Capstone Countdown ….
The final week of my Data Science Immersive class starts today, but in reality, this week, and the eleven that preceded it, mark much more of a beginning than an end. This course has opened a new professional path for me and my classmates, an exciting path in a challenging and interesting field. Before that path continues, however, the capstone project must be completed.
If anyone taking this class ever reads this blog somewhere down the road, I can tell you this: do not wait until the last minute to work on these projects. I am able to take in this week with as much enjoyment as anything else, because I have been working tirelessly in the evenings and on the weekends to make sure I would not have my back up against the wall this week with the deadline looming.
My project is coming along. It doesn’t do nearly everything I wanted it to do — but that’s OK. I wanted it to pick baseball games with some degree of accuracy — and it does that, just to a much lower degree of accuracy than I had hoped. And I still have four days to improve it!
One of the things I have come to grips with over the last six weeks or so is that I’m not going to learn everything I need to know about Python, predictive modeling, or the tools and websites involved, during the twelve weeks of this class. And I’ve grown to be OK with that.
When I compare what I know today to what I knew on April 23, the day before the class started, I am amazed at the progress. These ‘Immersive’ classes present an incredible amount of information in a very short time period. It took some time, and a Shakespeare reading from our professor, but I no longer feel bad about not being able to understand everything completely, immediately.
And I would relay that message to any future student in one of these immersive classes who reads this. As long as you are giving the process everything you have, 100 percent — whatever progress you are making is still progress, even if there are parameters on models you don’t understand, or Python code you cannot remember.
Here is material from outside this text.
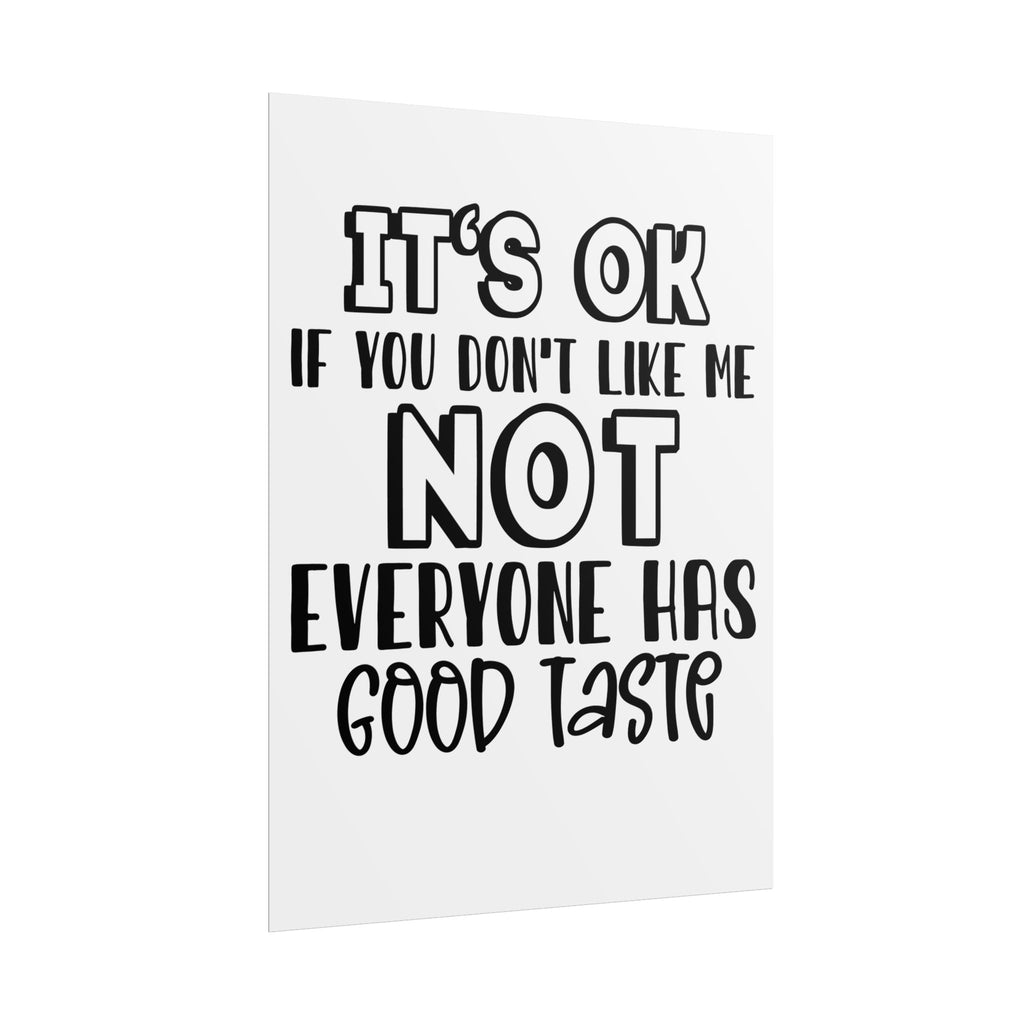 Rolled Poster – "It’s OK If You Don’t Like Me, Not Everyone Has Good Taste" Typography Wall Art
Regarding my project, I have now tried hundreds of parameter combinations in several different models, including Logistic Regression, Random Forests, and a Support Vector Classifier. So far, I have been unable to get any of the models to pick much better than about 57% of games, and even that measure is not achieved on a consistent basis. But, the dozens and dozens of hours spent on the project have not been a waste, nor will the dozens more I will spend over the next few days, regardless of the final results.
I have thought about my dad a great deal while I have worked on this project. He taught me to love baseball and sports statistics. He also taught me to do things the right way. I have not always followed that advice, but when I have, the results have been solid.
These are my thoughts as week twelve begins.